Arachne-pnr combines SB_LUT4, SB_DFFxx, and SB_CARRY into an ICESTORM_LC, which includes parameters for DFF and carry chain options.  You can see how it did this using the "-B" option.  I think arachne-pnr understands ICESTORM_LC blocks in its BLIF input if you want to combine LUTs, DFFs, and carry logic yourself before running arachne-pnr.


Finally, let's take a quick look at SB_IO, the I/O block.  The iCE40 I/O block has many options including built-in flip-flops for DDR, tri-state output enable, and pull-up resistor.  See the iCE Technology Library document for details.  If your design has simple inputs and outputs, you can let arachne-pnr generate SB_IO blocks automatically.  However, if you want to use some options like pull-up you may need to include an SB_IO explicitly.

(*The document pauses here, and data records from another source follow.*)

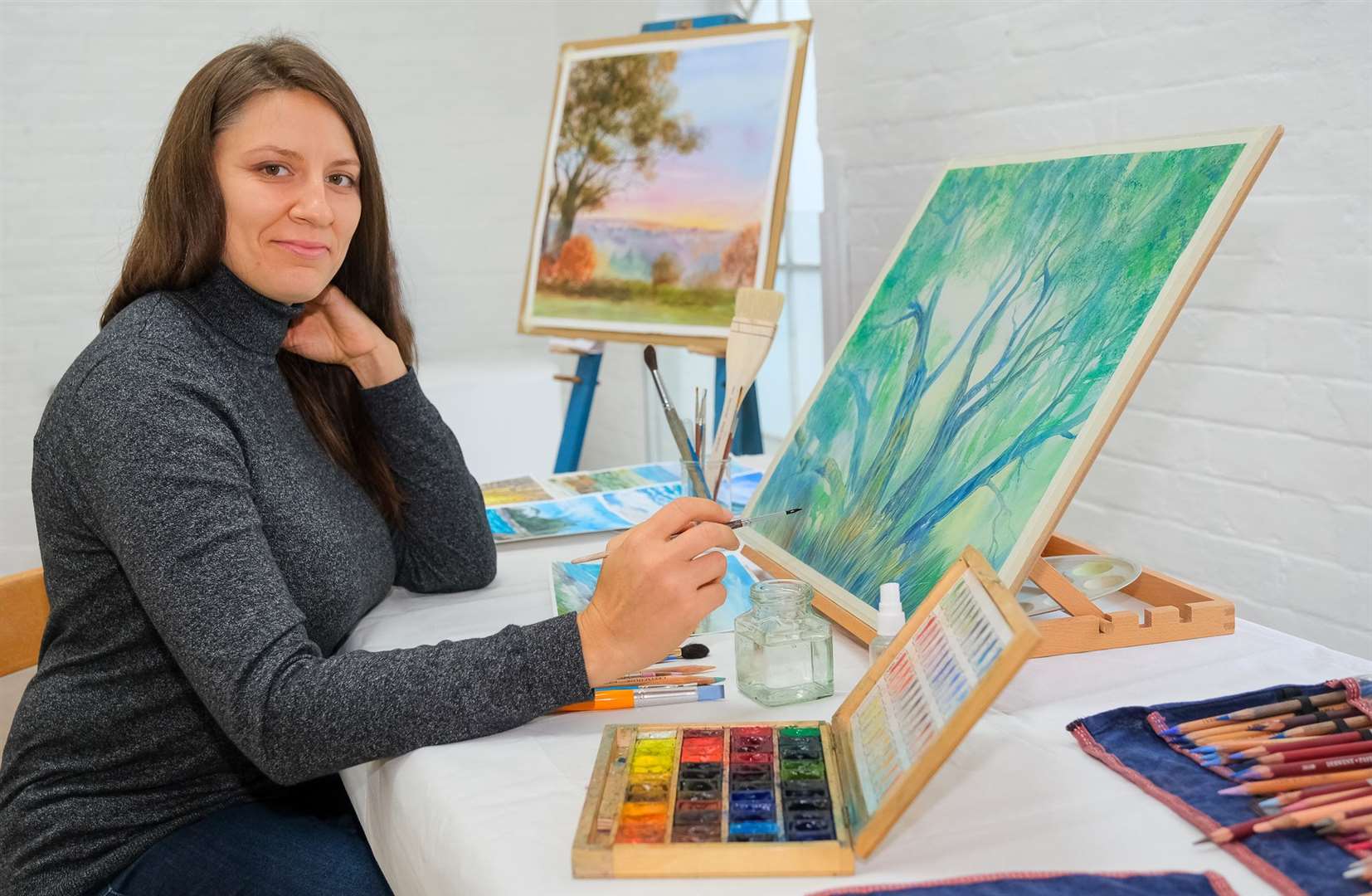 Natasha Siukhina in the studio, picture Phil Cannings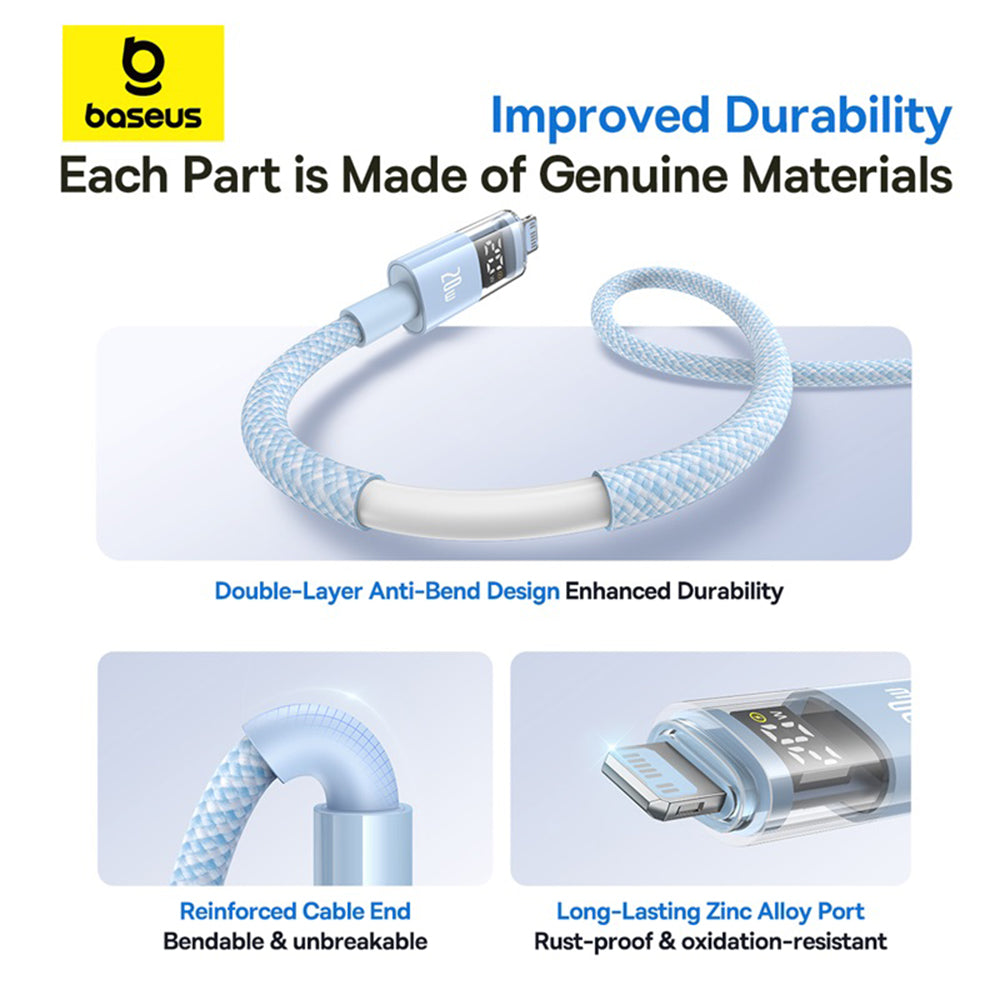 Baseus - Data Cable Display 2 (P10382703311-00) - Fast Charging, Type-C to Lightning, Digital Display, 20W, 1m - Galaxy Blue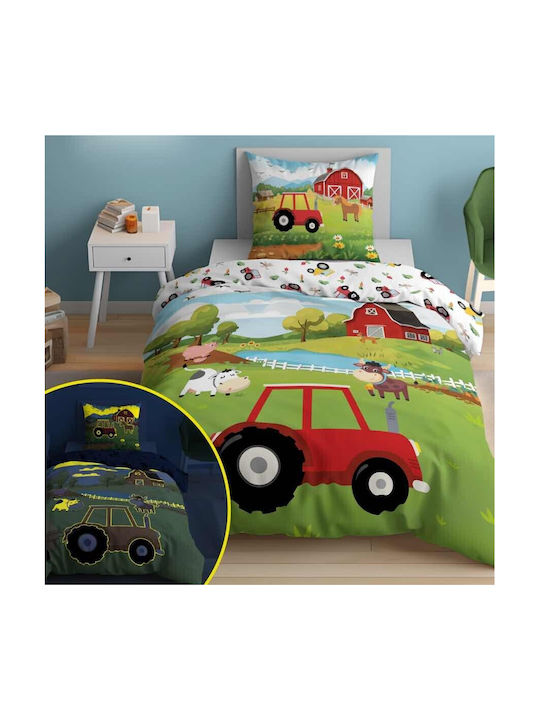 Detexpol Set Kinderbettbezug Einzel mit Kissenbezug Fluorescent 160x200cm
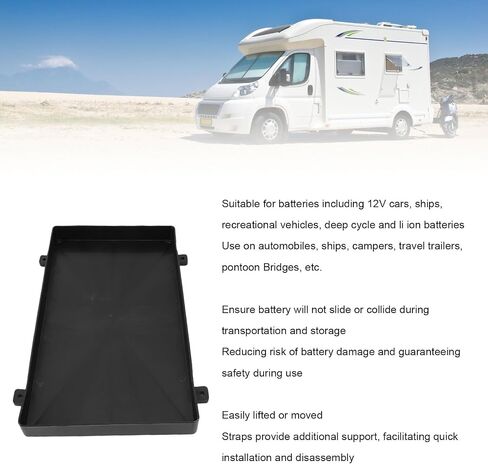 صينية بطارية RV ، صينية حامل البطارية البحرية مع حزام معلقة ، حامل بطارية القوارب 12 فولت لبطارية 12V RV Automotive Trailer Battery (حجم كبير) in Kuwait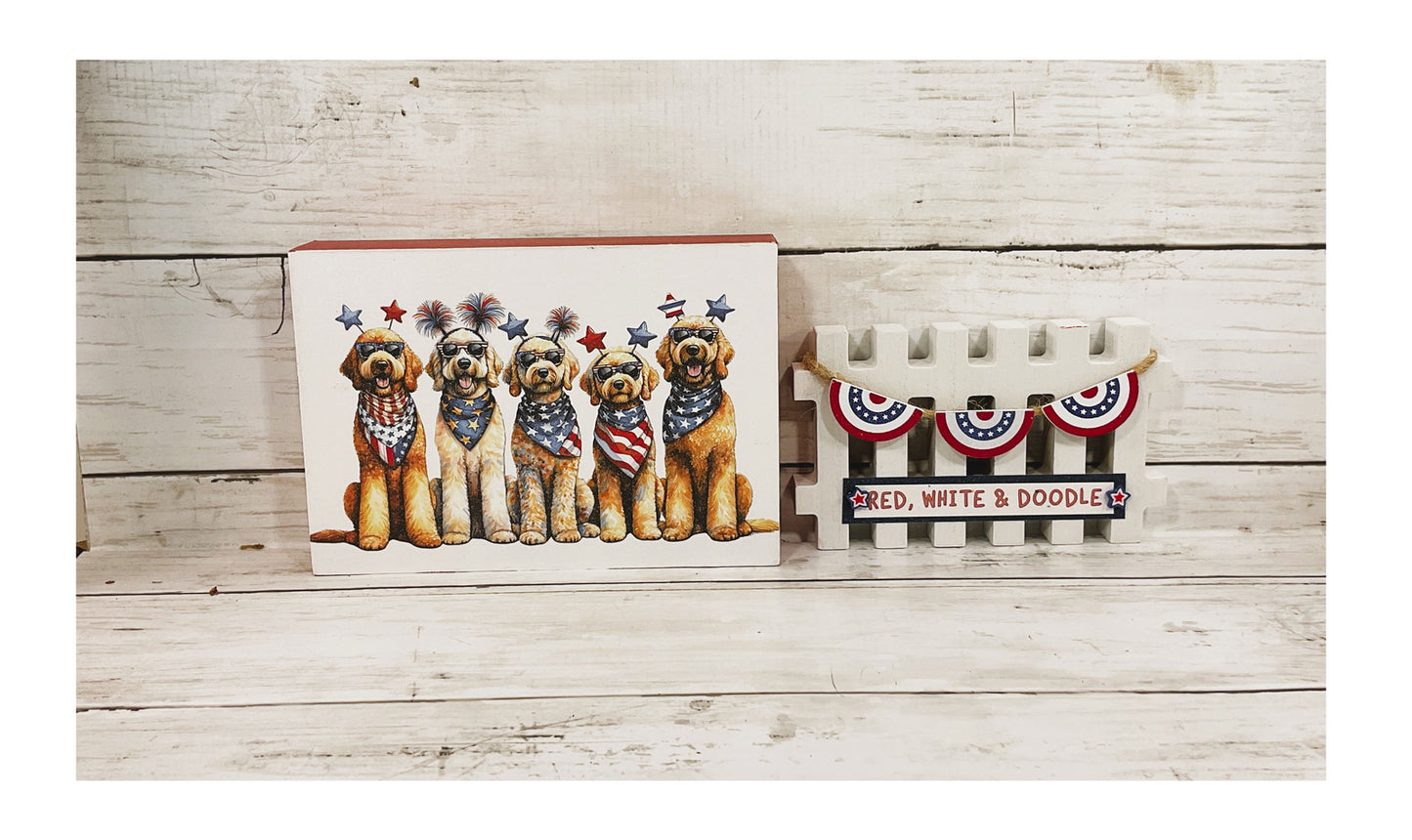 AGD Patriotic Decor - Red White Doodle Dog Pet Sign & Fence 2pc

Here's the BLIF for an input pin "en" that has a pull-up:


.gate SB_IO PACKAGE_PIN=en D_IN_0=en.d0

.param PINTYPE  000001000001

.param PULLUP 1


This SB_IO has two of its pins connected: PACKAGE_PIN is the external pin "en" and D_IN_0 is the internal data-in signal, which may be latched or registered.  There's also a D_IN_1 registered on a falling clock edge for DDR.  I've named the internal signal "en.d0" and connect it to internal logic elsewhere in the BLIF file.


The PIN_TYPE parameter specifies whether SB_IO input is registered, latched, or combinational, and whether the SB_IO output is disabled, combinational, registered, inverted, DDR, etc.  The PULLUP parameter enables the I/O pin's pull-up resistor.


OK, that's all for now.  I'll add more as needed.